_Task_.
Among the records below, count the lines where "Honda" occurs, and report that total alone.

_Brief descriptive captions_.
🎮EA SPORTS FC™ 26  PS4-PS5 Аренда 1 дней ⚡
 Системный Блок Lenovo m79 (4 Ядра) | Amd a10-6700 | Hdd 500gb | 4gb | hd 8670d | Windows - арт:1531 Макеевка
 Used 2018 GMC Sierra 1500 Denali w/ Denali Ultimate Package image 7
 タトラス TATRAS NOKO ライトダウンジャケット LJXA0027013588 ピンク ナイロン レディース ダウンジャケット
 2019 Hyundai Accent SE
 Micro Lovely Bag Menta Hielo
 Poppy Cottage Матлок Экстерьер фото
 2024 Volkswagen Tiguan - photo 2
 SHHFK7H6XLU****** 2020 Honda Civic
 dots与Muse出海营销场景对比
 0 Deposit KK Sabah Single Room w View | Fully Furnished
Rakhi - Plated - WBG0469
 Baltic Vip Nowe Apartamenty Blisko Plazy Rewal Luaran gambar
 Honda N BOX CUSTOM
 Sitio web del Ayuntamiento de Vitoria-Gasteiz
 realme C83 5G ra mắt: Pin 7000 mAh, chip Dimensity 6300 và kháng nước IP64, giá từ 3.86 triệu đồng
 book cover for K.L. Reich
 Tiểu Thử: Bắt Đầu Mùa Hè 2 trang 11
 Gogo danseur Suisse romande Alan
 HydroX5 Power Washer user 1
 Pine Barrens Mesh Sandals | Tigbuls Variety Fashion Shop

_Solution below_.
2